Do whatever you can to tell your target market 'you, yes YOU are my ideal
customer'

------
zhte415
Lawyers and accountants, accounts payable, general ledger. Anyone who needs to
have a .PDF, print it, sign it, scan it back. In large quantities.

I visited your site. It is simple and straightforward. But something surprised
me: I was expecting the likes of Accenture, E&Y, Genpact, someone like that,
as a target market (internal solutions may exist in these companies, but I
have never encountered them, always a cropped screenshot then copy-pasted
document, and this has been thousands of times).

Smaller clients does make sense: your target market as smaller clients could
knock the pants off larger clients (in a small, accounts payable way) in terms
of style an appearance. Can you get your clients to integrate to SAP or other
accounting systems?

In direct answer to your questions (Firefox on Mint Ubuntu/Linux/GNU):

I am not a fan of the typography. For polish, add a bit of line-spacing, in
the bullets in particular.

Perhaps separate each section (topic area) of the front page with a different
background (I know this is terribly Bootstrap, but hey).

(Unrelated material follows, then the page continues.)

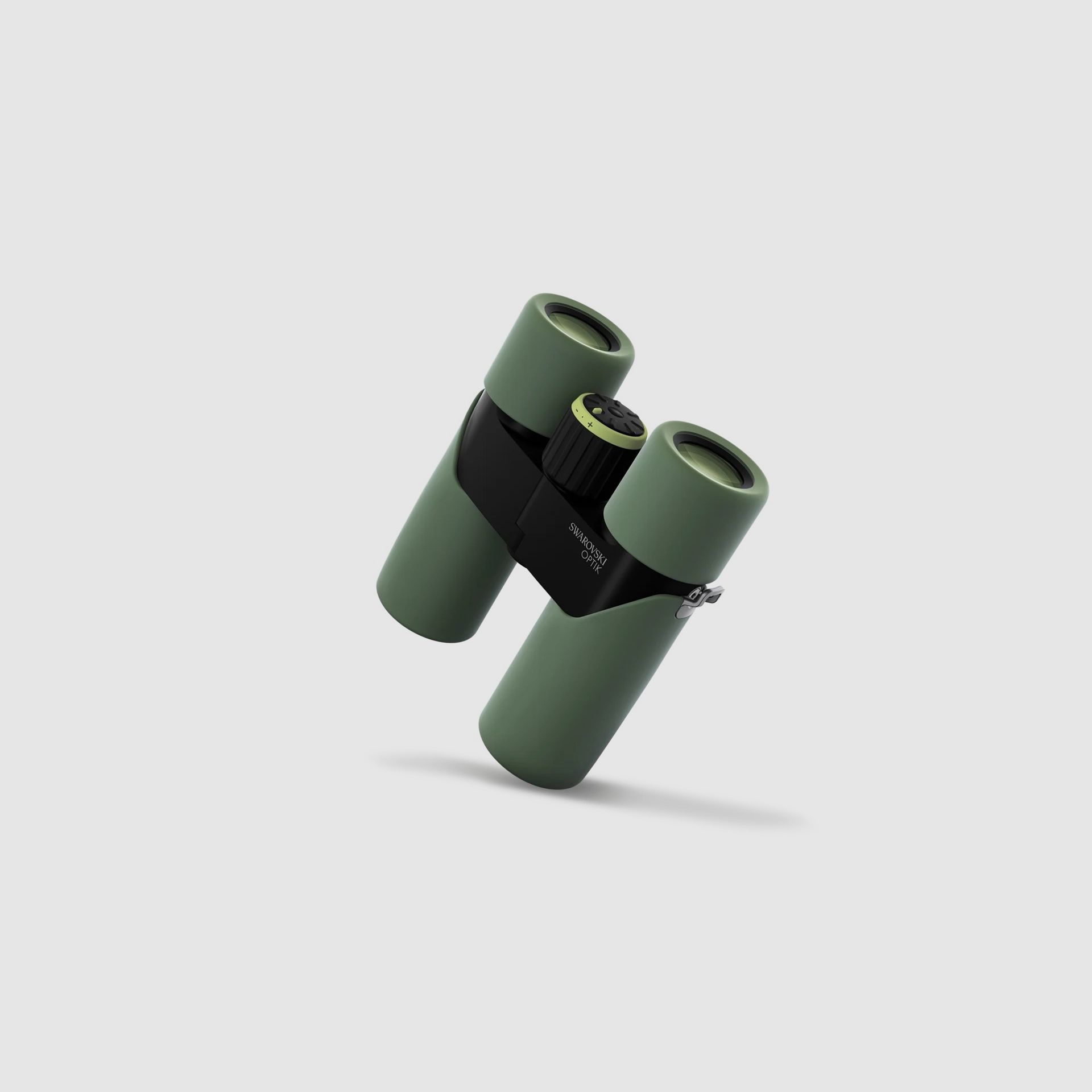 Swarovski CL Companion 10x30 mountain green, immagine 3 di 15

Registration: Do not advertise a lack of credibility / assuredness. But do not
demand intrusive personal information (turns off both corporate types trying
something out and technologists for a myriad of reasons).

I did not detect an option for HTTPS. This is a must for any site proposing
dealing or storing financial or client information.

Try a start up form on the front page, or a direct shot of a demo. Include use
cases and customer comments (do not fake these, make them checkable - check
with your commenters this is OK beforehand).

Word of mouth counts for a lot, especially in professional circles that do not
use social media (other than perhaps talk to one's family and old friends).
Get a foothold with some oldskool businesses, then when you have a little
coming in as revenue seek ways to pump it up (when you've shown it is a
credible service this is orders of magnitude easier, in the most unexpected
ways).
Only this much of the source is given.